Volatile energy prices are set to continue with spiralling oil prices and the Japan disaster fuelling uncertainty, npower has warned.
Magali Hodgson, npower optimisation desk manager said: "With oil prices reaching a 32-month high on 8 April, the energy market remains volatile. The news that Japanese authorities have raised the severity rating of their nuclear crisis to the maximum level will certainly add to this volatility."
The comments came in response to latest data from npower's optimization desk- which assesses analyses energy prices for by businesses buying energy on flexible contracts.
The UK market had reacted "bullishly" to the announcement of a minimum carbon pricing scheme in last month's budget, Hodgson added.
Figures also showed a 40% rise in coal generation which could see bills increase, Hodgson noted.

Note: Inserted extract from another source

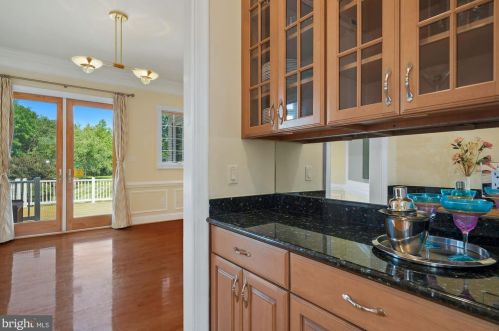 12705 Greenbriar Rd, Rockville MD 20854-6324 exterior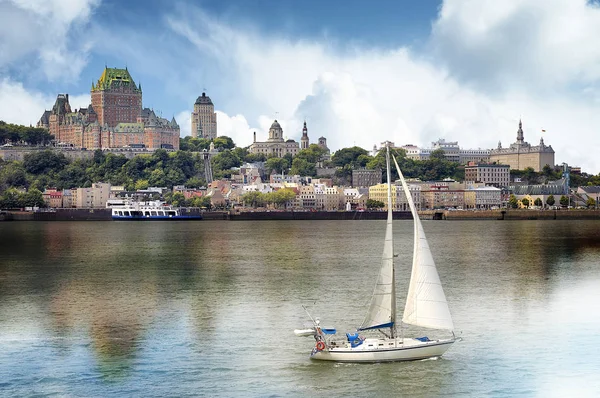 Chateau Frontenac hotell augusti 21, 2010 i Quebec City, Canad — Stockfoto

She said: "This increase in coal generation at a time when gas should be the chosen fuel will have an effect on European coal stocks, which could result in higher import requirements and prices."
Overall, the energy market was in mixed mood, Hodgson stressed. All parties were keeping a watchful eye on unrest in the Middle East and Japan, she concluded.
"The outlook for the next couple of weeks is flat to bullish, with the market still assessing the full impact of issues such as the turmoil in the Middle East, the Japanese disaster, nuclear generation and the Carbon Floor Price announcement."